The Luminaries Review - The Newsreader, Pamela Anderson, Stephen Spielberg
The Newsreader
The Newsreader, the hit breaking news drama made by Film Victoria, starring Helen Torv and Sam Reid as co-presenters and reporters in love with news and each other is the drama you have to watch on BBC iPlayer and the ABC network. This restless, brilliantly authentic drama also reinforces why I truly madly, deeply love journalism.
It's a crazy profession. It is also terrific fun and never boring. Nothing will ever come close to interviewing David Attenborough at his cottage in Richmond or having him tick me off for watching my tape recorder go round and around ( to ensure it was working) or interviewing Brian May over ice cream in his favourite Italian.
Nothing comes close to writing or live reporting on the cultural icons and momentous events we live through as a generation. It's a buzz. The Newsreader captures that thrill to a riotous eighties soundtrack from Bowie to the Cars and Cindi Lauper by reporting on the real-life major news events of 1986 from the Challenger crash to the Lindy Chamberlain Dingo Baby story, the AIDS crisis and The Chornobyl nuclear disaster.
Then it does all this against the backdrop of the behind-the-scenes newsroom drama, which is laced with intrigue, adrenalin and egotism that drives the news and creates the big personalities and media stars that deliver world events and analysis straight into our living rooms.
Of course, given how high the stakes are, it's no surprise that the star anchors are as interesting as the subjects they cover on the daily bulletins.

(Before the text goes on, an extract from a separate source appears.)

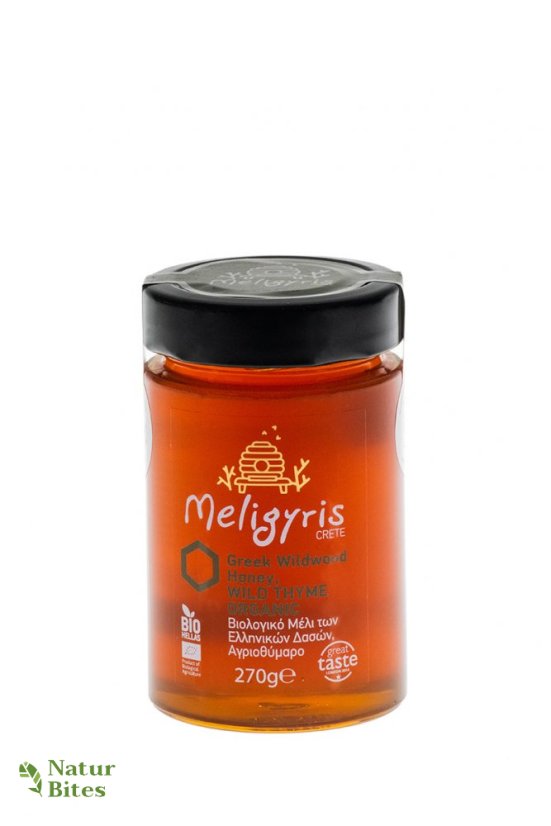 Řecký horský med BIO "Divoký tymián", květový 270 g, MELIGYRIS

This is what the media is like on a national newspaper or a tv station. It's all quick-fire reactions to global events, tantrums, egos and showmanship.
No one goes into the media for a quiet life. Just ask John Simpson, the BBC World Affairs editor.
Anna Torv delivers a coruscating portrait of brilliance and instability as Helen Norville the star of News at Six. Helen started out as a gameshow hostess and has to put up with put-downs and sexism from her co-anchor Geoff, a steely former war reporter, played by actor Robert Taylor with an authentic mixture of gravitas, hard-drinking, pre-meditated bias and Machiavellian briefings in darkened car parks. His worst fear is the idea of the news becoming fluffy entertainment. So, he refuses to slow down and stabs Helen in the back every which way he can with the air of a man who can't keep up with past glories in a relentless news environment.
Helen is still the winner in the battle for the best ratings and she gets to power dress in eighties style in iconic fashion from Helen of Troy column sequin gowns to the pussy cat bow blouse, the wrap dress and the trench coat beloved by female news anchors. She also gets to play very badass female rock n roll from the era, notably the amazing Suzi Quattro. Now isn't Can the Can the best girl-power anthem ever and Suzi was doing it before Madonna.
Helen is an irresistible character to observe.
She can cooly deliver news bulletins about world events with flair and poetry and then fall apart when she is off camera. Melodramatic? Yes, but gripping too. Torv plays Helen with a daring mix of hunger, fine acting, instability and empathy. She runs on gin, adrenalin and sleeping pills punctuated by moments of sweetness, compassion and generosity and heartbreaking vulnerability.
Sam Reid, as the talented producer and rookie reporter she falls for, is equally exciting to watch on screen. He has the hunger, drive and intelligence to be a great news reporter, coupled with a tragic backstory about sexual identity and conformity and how that might affect his success in a media world that is not exactly a beacon of diversity, tolerance and fairness as we see brilliantly brought to life with coverage of the AIDS crisis.
That's where the drama comes in and The Newsreader is adept at holding our interest both on an off the bulletins.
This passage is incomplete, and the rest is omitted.